Monday, June 15, 2009

This Date In Music History-June 15


Billy Martin - Good Charlotte (1981)

Gary Lightbody - Snow Patrol (1976)

Dryden Vera Mitchell - Alien Ant Farm (1976)

Michael Britt – Lonestar (1966)

Steve Walsh – Kansas (1951)

Russell Hitchcock - Air Supply (1949)

Noddy Holder – Slade (1946)

Scott Rockenfield - Queensryche (1963)

Born on this day in 1943, Johnny Halliday, 'the French Elvis', major star in Europe. Jimmy Page, Peter Frampton and Foreigner's Mick Jones have played on his records.

Muff Winwood - Spencer Davis Group (1943) Became a producer and A&R man for Sony Records.

Nigel Pickering - Spanky And Our Gang (1929)

Ice Cube (1969)

They Are Missed:

Born today in 1941, Harry Nilsson, good friend of John Lennon. The Monkees, Three Dog Night & Ronettes all covered his songs. He died on January 15, 1994.

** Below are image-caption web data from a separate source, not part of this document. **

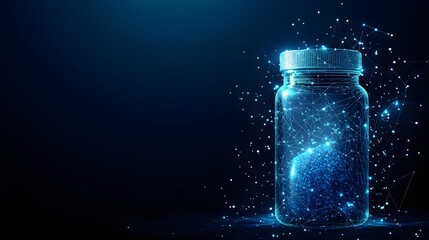 Fototapete - Futuristic jar containing a glowing blue sphere, radiating energy. Abstract wireframe design with a technological feel against a dark gradient backdrop. Abstract wireframe in dark blue.
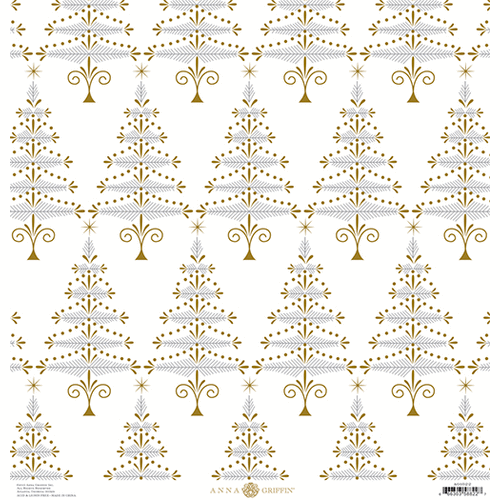 Anna Griffin - Winter Wonderland Collection - Christmas - 12 x 12 Paper - Christmas Trees
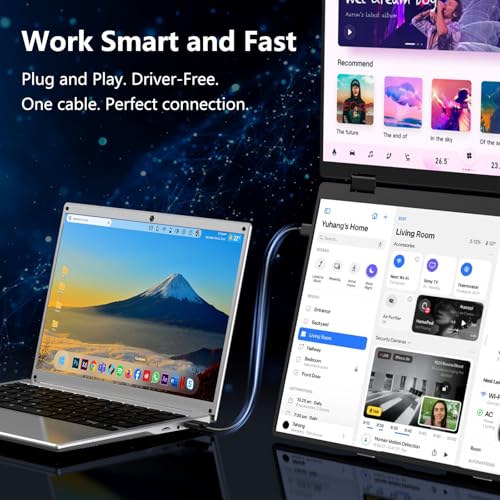 16" Foldable Laptop Screen Extender, Dual Portable Monitors. | 1200P, Plug & Play, All-Metal, Ultra Slim, Extend/Mirror/Splicing/Flip Mode, USB-C/HDMI, Low Blue Light, Speaker, for Win/Mac - size: 16" Foldable Monitor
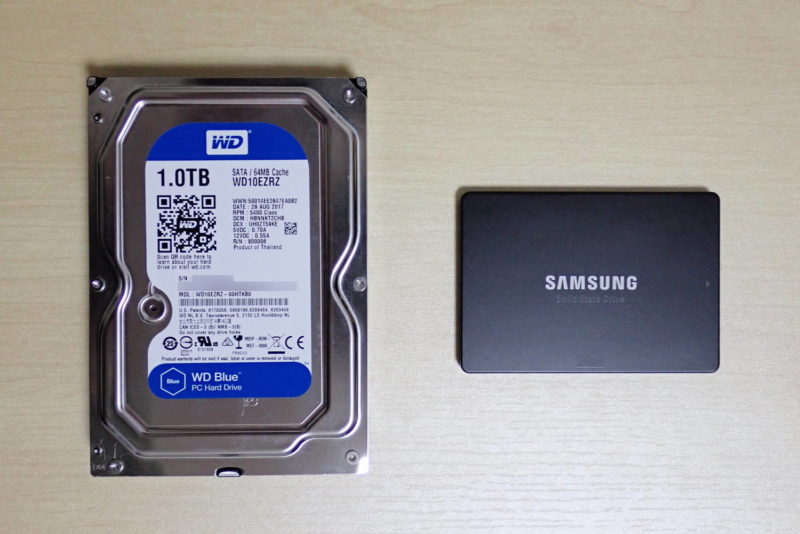 ストレージ Samsung SSD 250GB、WD HDD Blue 1TB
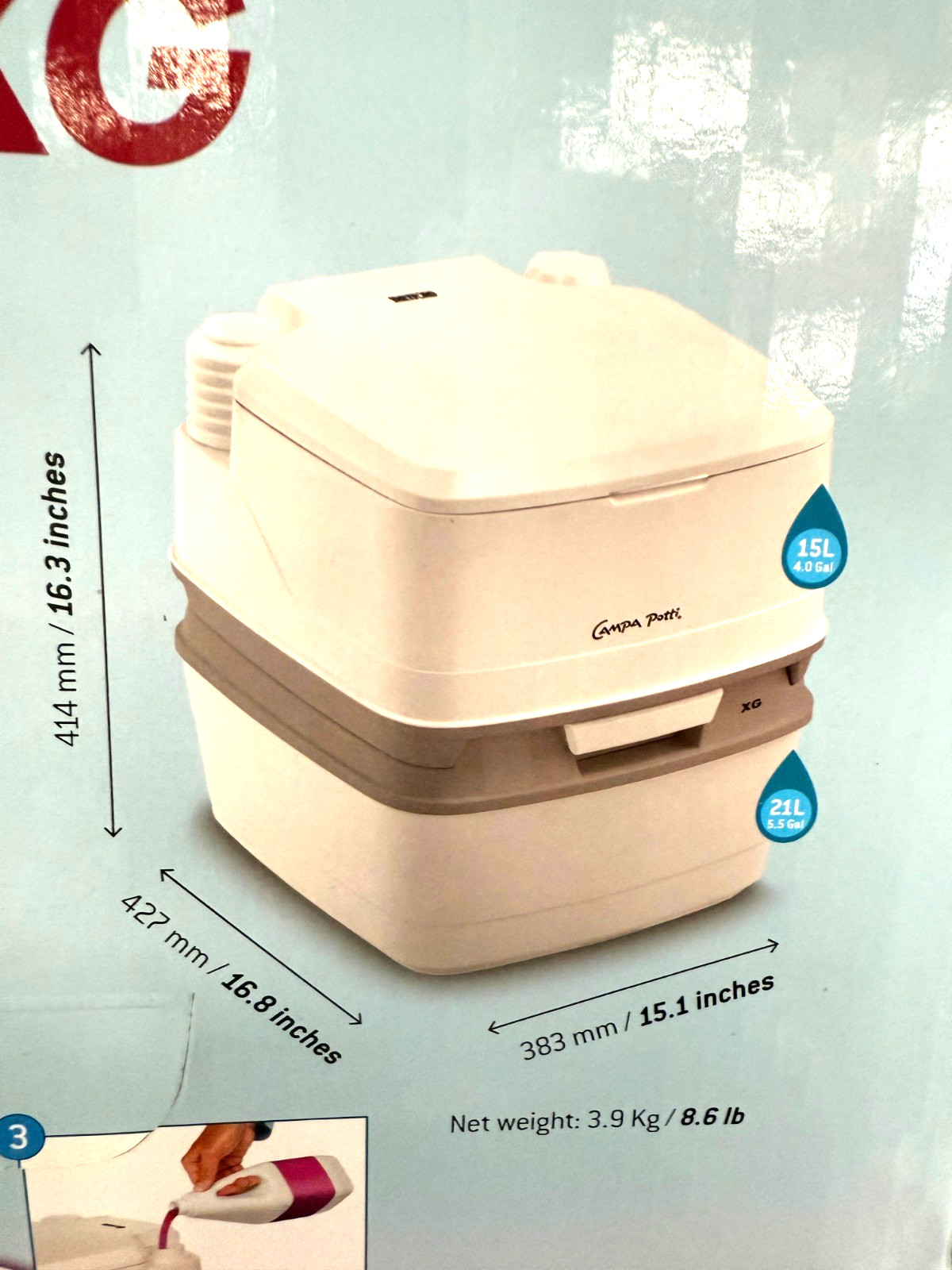Thetford Campa Potti XG Portable Flushable Camping Toilet w Carry Handle 92840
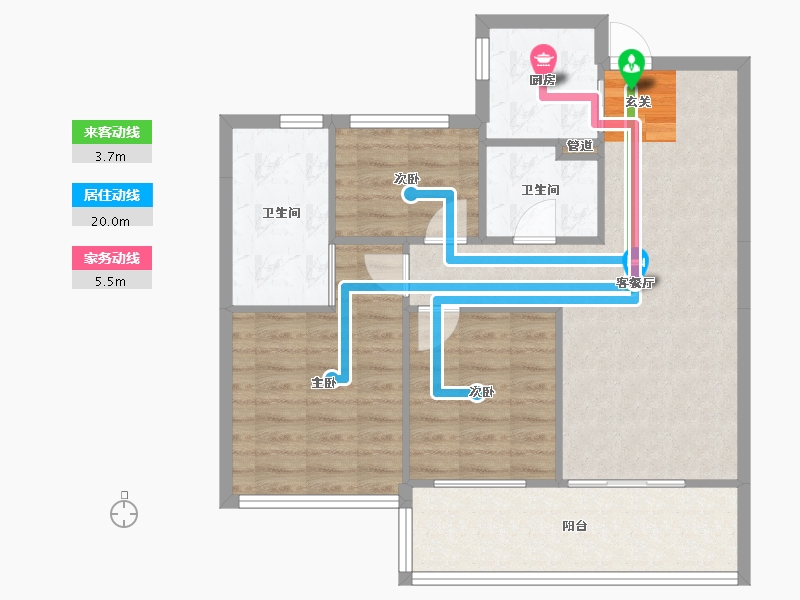 浙江省-杭州市-佳源湘湖印象F86m²-79.01-户型库-动静线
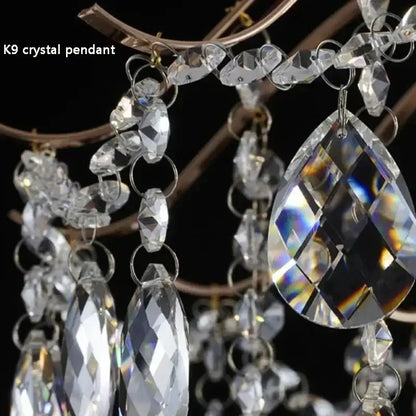 Modern golden crystal led chandelier living room light
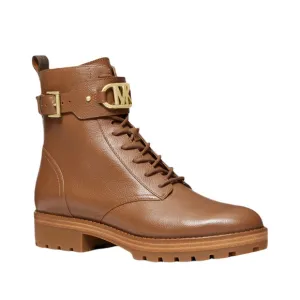 Michael Kors Kincaid Leather Combat Boot Lace Up Bootie Luggage 5/5.5/6/7/7.5Nib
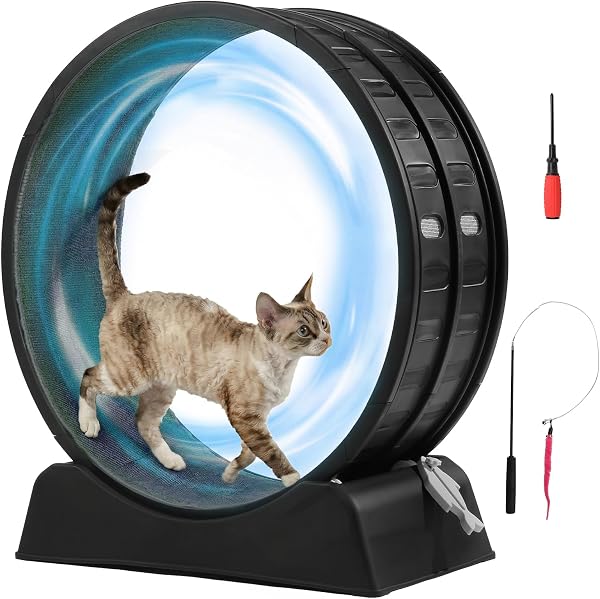 LEADZM Roue d'exercice pour Chat 80cm - Roue pour Chat pour 15 kg et Moins Chats - Connecteur de Rail en Plastique, résistant aux Rayures, Stable et Silencieux (Noir) - 1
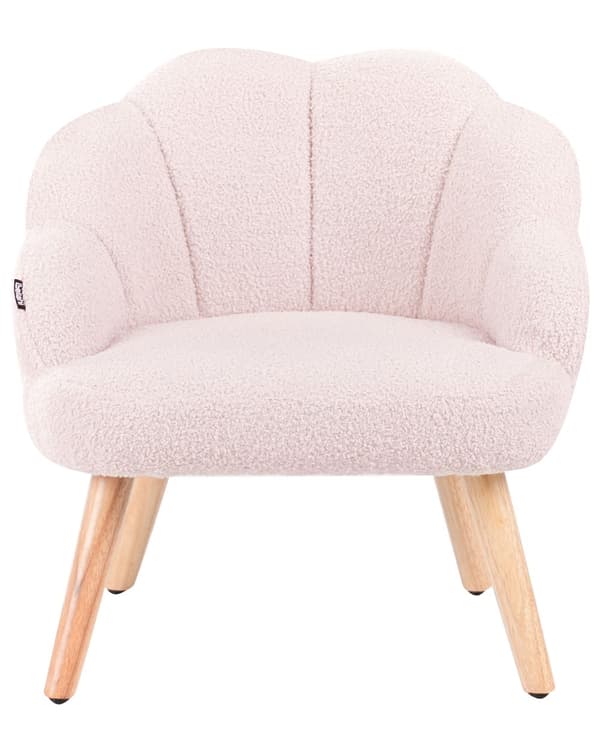 Barnestol Pastellrosa Boucle-trekk med Treben Lenestol for Barn Barnerom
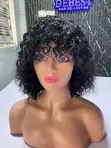 100% Human Hair Celebrity Fringe Wig, 12 Inches, Natural Color - 3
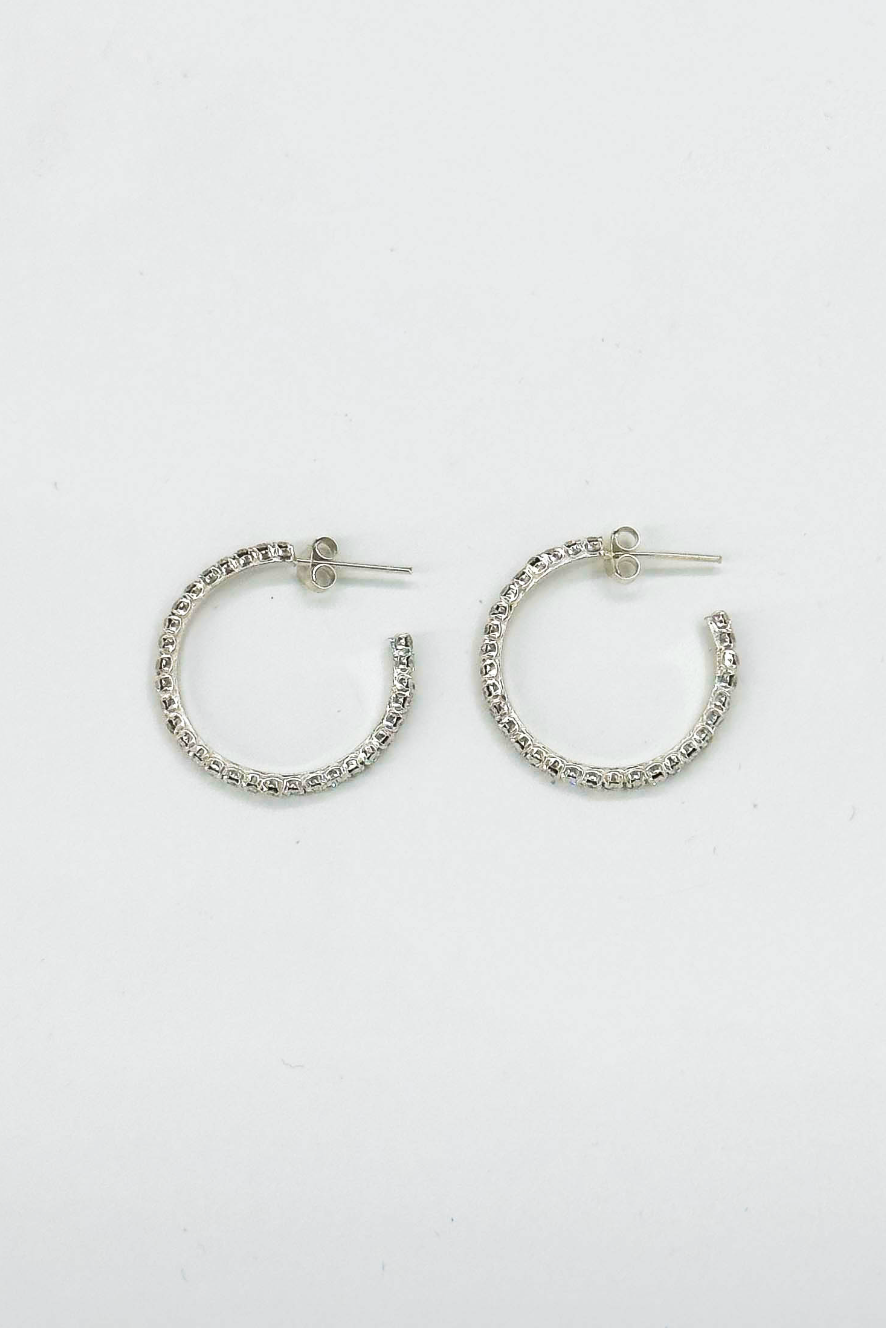 60039 En Kleine Open Hoepel Oorbellen Met Te Zirkoon | Silver - White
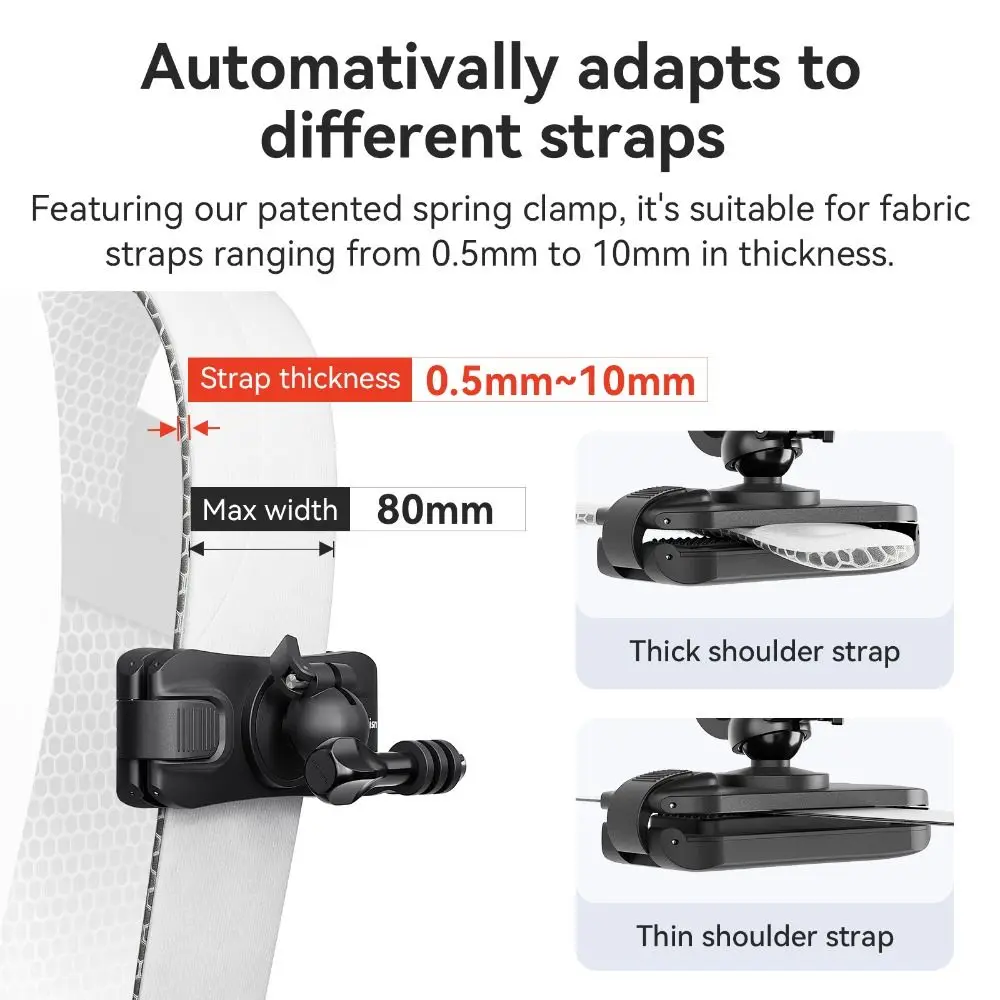 360 ° Rotation Rucksack Clip Quick Release Stabile Schulter Gurt Halterung Langlebige Gürtel Klemme für GoPro/Insta360/Osmo Tasche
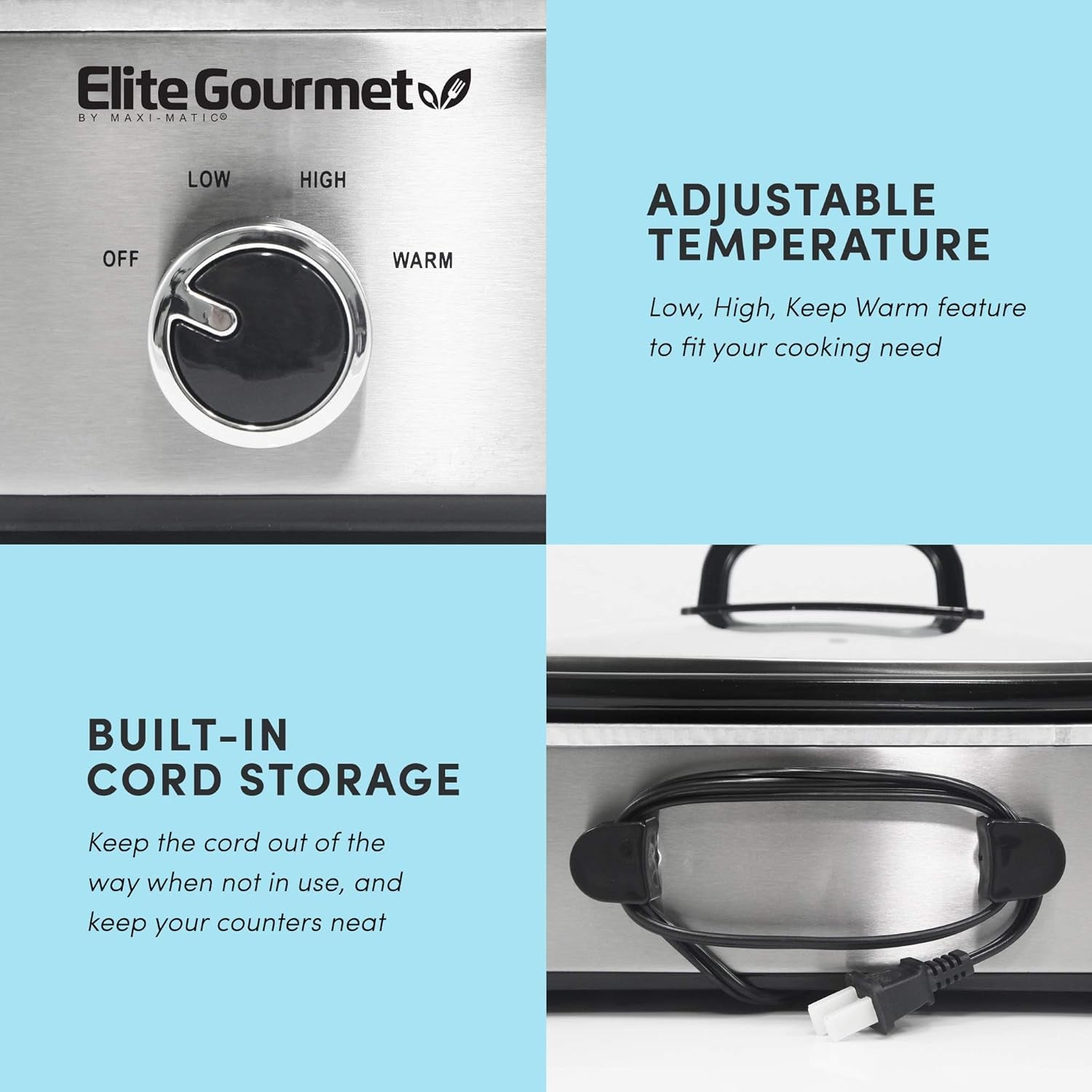 MST-5240SS Slow cooker, 3,3 litri, Oțel inoxidabil Slow Cooker Naty Shop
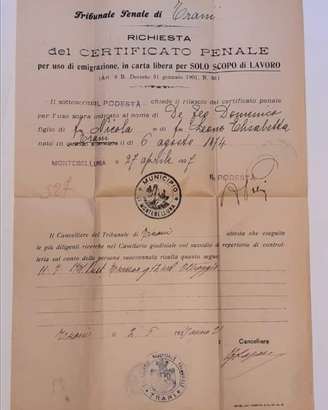 DOCUMENTO ANTICO 1927 Treviso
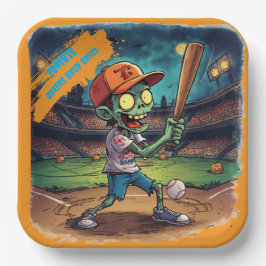 Halloween Baseball, Zombie, Gehirne über Basen  Pappteller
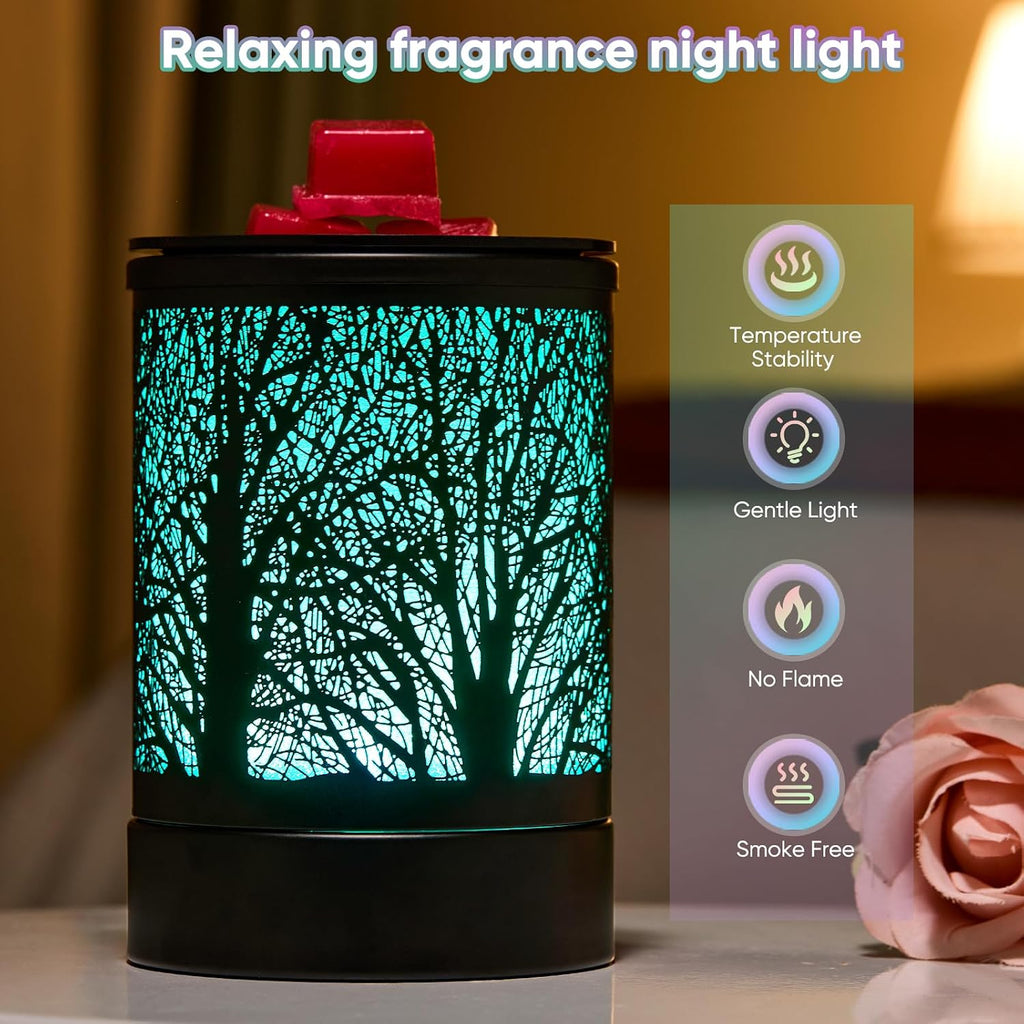 Enaroma Fragrance Wax Melts Warmer with 7 Colors LED Changing Light Classic Black Forest Design Scent Oil Candle Warmer for Home Black Tree Timer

Jazz master Erroll Garner was born in 1921.

Born on this day in 1933, Country rebel Waylon Jennings. Jennings died on February 13, 2002.

In 1996, iconic jazz singer Ella Fitzgerald died in Beverly Hills, California at age 79. Winner of 13 Grammy Awards, the 1956 “Ella Fitzgerald Sings the Cole Porter Songbook” was the first of eight "Songbook" sets. Appeared in the TV commercial for Memorex, where she sang a note that shattered a glass while being recorded on a Memorex cassette tape. The tape was played back and the recording also broke the glass, asking "Is it live, or is it Memorex?"


It was on this day in 1956 that John Lennon first met Paul McCartney at a church dinner in Liverpool, England. He invited McCartney to join his group the Quarrymen, and pop music was never the same again.

In 1966, the Beatles released their album Yesterday & Today, featuring the band wearing butcher's aprons on the front cover surrounded by decapitated baby dolls. Capitol Records quickly withdrew the sleeve, making it one of the most prized Beatles collectibles.

In 1963, Kyu Sakamoto started a three week run at #1 on the US singles chart with “Sukiyaki,” the first-ever Japanese song to do so.

In 1965, Bob Dylan recorded what would be his first ‘electric' hit, “Like A Rolling Stone” which peaked at #2 in the US and #4 in the UK.

In 1970, Jimi Hendrix spent his first day recording at Electric Ladyland in New York. Named after his 1968 album, the studio was designed according to his exact specifications.

Bo Donaldson and the Heywoods started a two week run at #1 on the US singles chart in 1974 with the insipid “Billy Don't Be A Hero.” The song was a UK #1 for Paper Lace.

Hawkwind fired bassist Lemmy Kilmister in 1975 after he was mistakenly arrested for drug possession at the US/Canada border. Lemmy returned to the UK and formed Motorhead.

In 1976, the Sex Pistols recorded their first demos in Clapham's Majestic studios followed by a gig that night at The 100 club, London.

Dire Straits started a nine-week run at #1 on the US album chart in 1985 with “Brothers In Arms.”

Nirvana's debut album “Bleach” was released in 1989. The title for the album came from a poster 'Bleach Your Works' urging drug users to bleach their needles.

In 1987, Hipgnosis designer Storm Thorgerson photographed the cover of Pink Floyd's A Momentary Lapse of Reason in Saunton Sands, England. He had 30 helpers move 800 rented beds onto the beach to shoot the album cover.

In 2002, a rare autographed copy of The Beatles’ album Sgt Pepper’s Lonely Hearts Club Band sold at auction for $57,800, more than five times the estimated price.